Gold declines after the several credit rating cuts in Europe
Gold returned to decline again despite the expected upside move yesterday, where the metal reversed sharply to the downside yesterday, cutting all the gains recorded earlier after Moody's Investor Services cut the credit rating of six European nations and placed other three rankings under negative outlook, which spread pessimism in the market and supported the U.S. dollar to gain momentum, and in result forced downside pressures on the metals to trade lower.
Gold shed 0.23% of $4.00 per ounce after the opening of $1722.28 per ounce to currently trade around $1718.28 per ounce. The metal set so far the highest at $1722.70 and the lowest at $1714.78 per ounce.
Moody's rating agency downgraded yesterday the credit ranking of Italy, Portugal, Slovakia, Slovenia and Malta by one notch, while it cut the Spanish credit rating by two notches.
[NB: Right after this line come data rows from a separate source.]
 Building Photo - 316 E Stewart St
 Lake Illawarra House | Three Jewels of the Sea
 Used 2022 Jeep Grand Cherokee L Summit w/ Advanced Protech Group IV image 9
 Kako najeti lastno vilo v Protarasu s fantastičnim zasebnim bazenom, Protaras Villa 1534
However, France, the United Kingdom and Austria were placed under negative outlook for a possible downgrade in the future due to a number of specific credit pressures that would exacerbate the susceptibility of these sovereigns' balance sheets.
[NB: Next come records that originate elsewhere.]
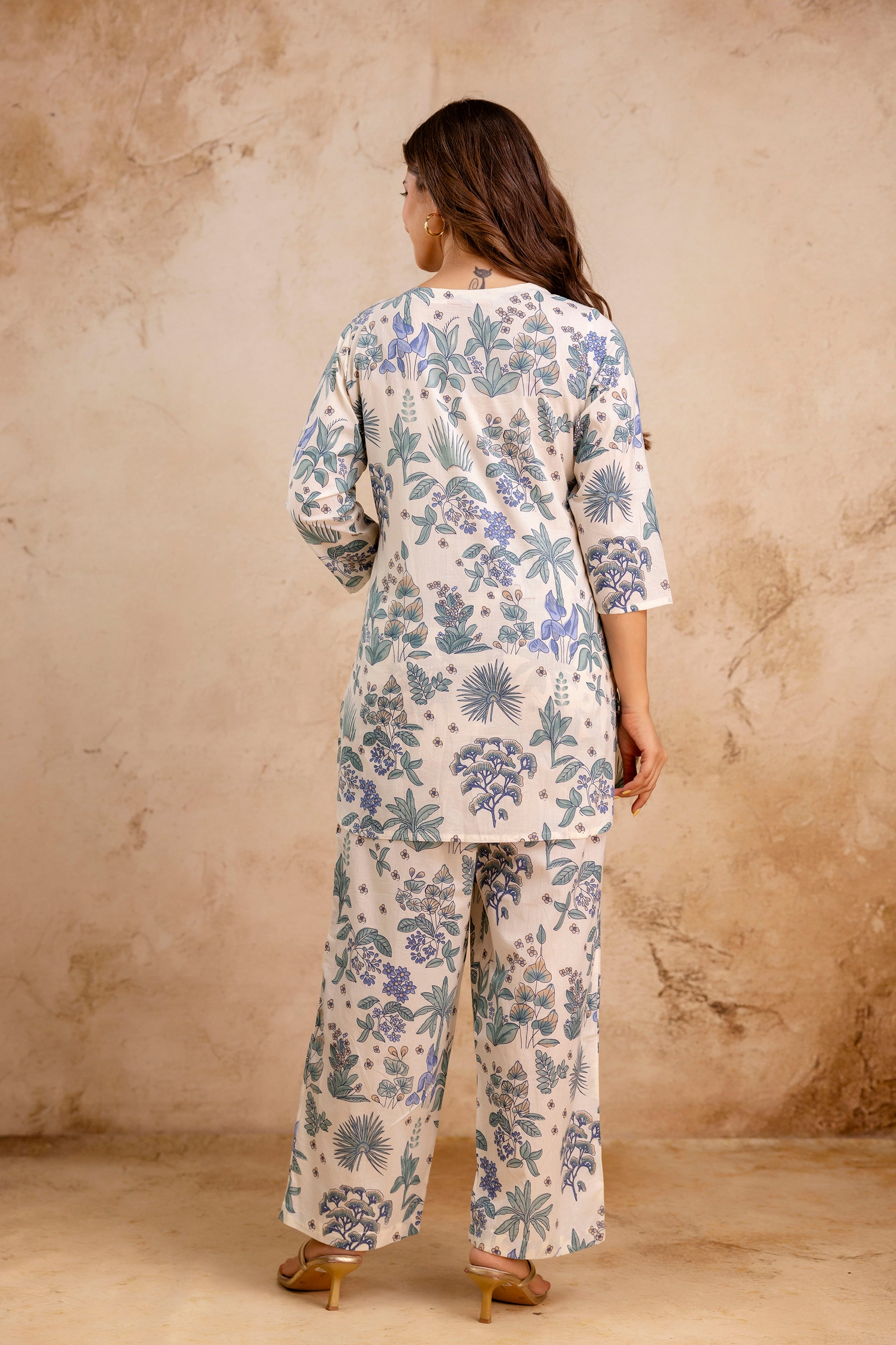 White And Blue Floral Print Cotton Co-ord set.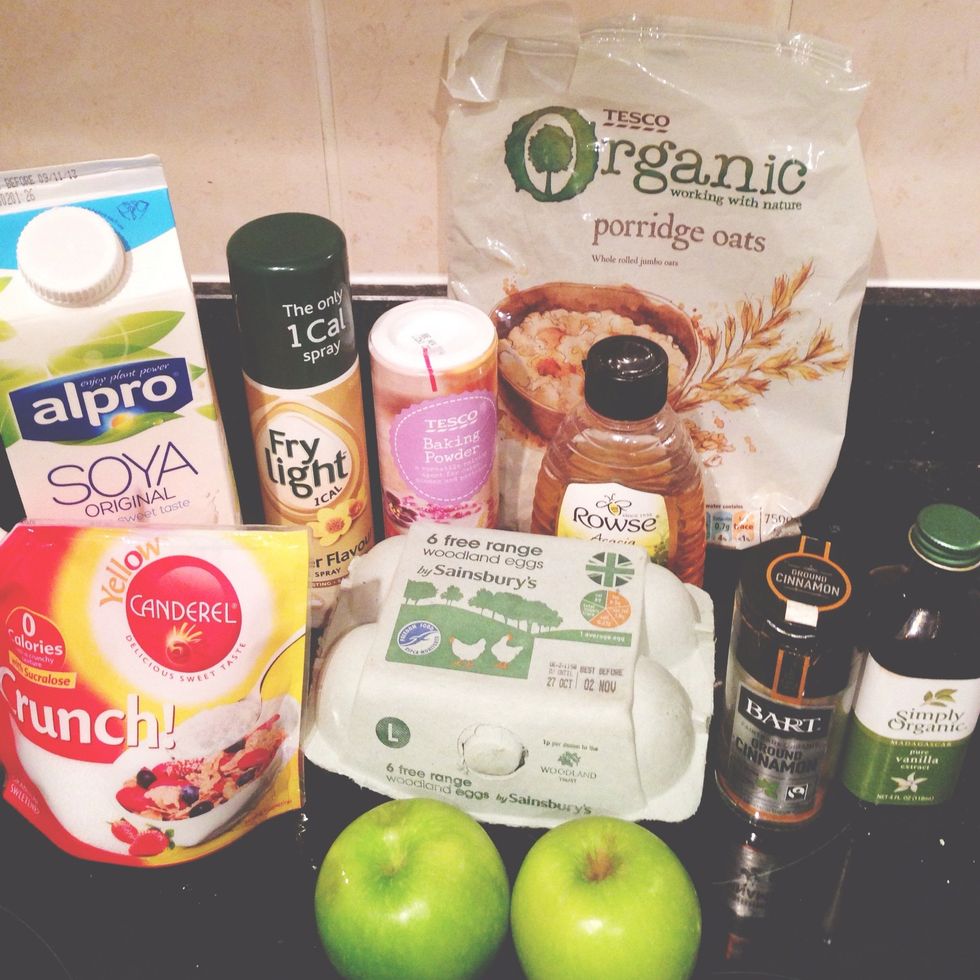 Ingredients, oats (processed), apples, egg, soy milk, Canderell, honey, vanilla extract, cinnamon, fry light, baking powder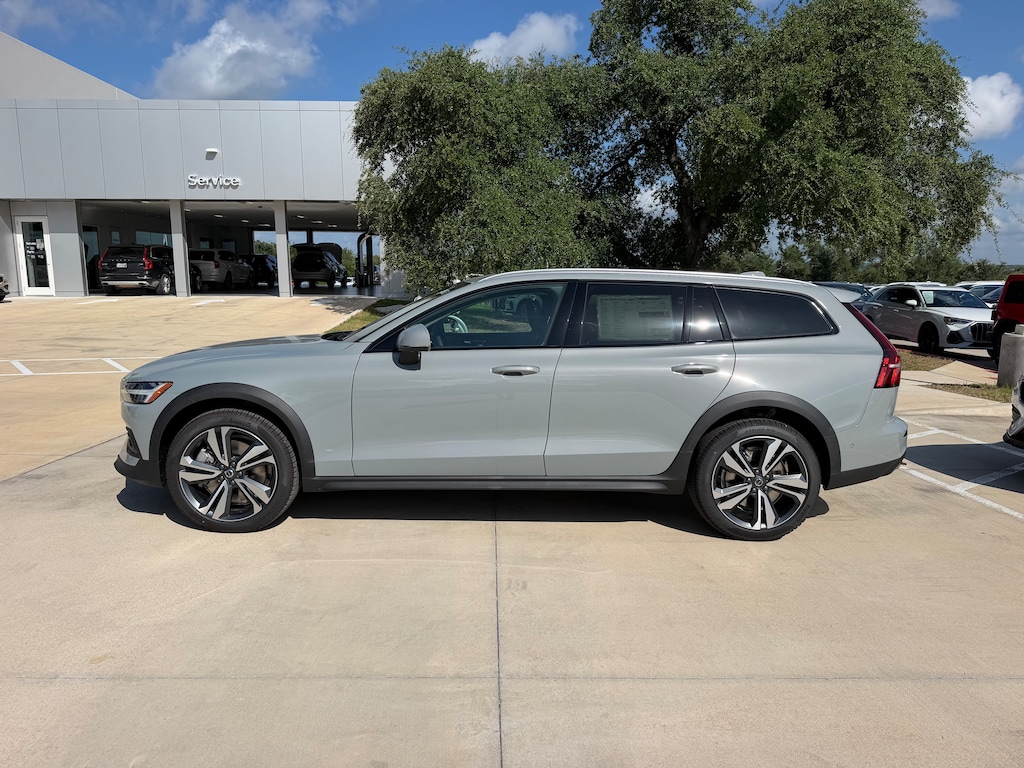 New 2026 Volvo V60 Cross Country B5 Plus Wagon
The United Kingdom responded immediately to the announcement, where George Osborne, the British Finance Minister said that the nation will still slash its large budget defect.
On the other hand, Moody's confirmed the triple-A ratings of Germany, Denmark, Finland, Luxembourg and The Netherlands in addition to affirming the triple-A credit rating of the European Financial Stability Facility.
Moreover, the Bank of Japan kept rates unchanged today at the virtually zero range of 0.0%-0.1%, where the bank attempts to encourage growth and support the pace of recovery especially after the nation's exports dropped sharply in the fourth quarter and during the entire year after the disaster which hit the nation in March.
The Japanese Yen retreated sharply against the U.S. dollar as the Bank of Japan opted to increase the stimulus provided by an unexpected 10 trillion yen to 65 trillion from 55 trillion, where the bank kept the credit program unchanged at 35 trillion yen; however, the bank increased asset purchases program (APF), where this sudden move weakened the yen and supported the greenback to trade higher.
Today, inflation data from the United Kingdom are also expected to affect the metal's movement, with expectations inflation could have dropped sharply in January to 3.6% from 4.2% in the Kingdom, adding downside pressures on the metal as few investors will hold the metal as a hedge against uncertainty now.
Moreover, our eyes will be also focused on the retail sales index from the world's largest economy, with expectation the retail sales could have improved significantly in January as the U.S. is believed to be on the right track to recover and expand again. The metal could rebound to the upside in case the indexes met or came better than expectations.
Among other precious metals, silver cut 0.40% or $0.14 per ounce after the opening of $33.72 per ounce to hover in the moment around $33.58 per ounce. The metal reached a high of $33.72 and a low of $33.46 an ounce.
Platinum also cut 0.67% or $11.00 per ounce to trade in the momentum around $1640.75 per ounce after starting the session at $1651.75 per ounce. The metal set the highest at $1652.50 and the lowest at $1639.25 per ounce.
Palladium lost 0.14% or $1.0 per ounce to $698.00 per ounce, recording the highest at $700.00 and the lowest $694.45, noting that the metal opened the session at $699.00 per ounce.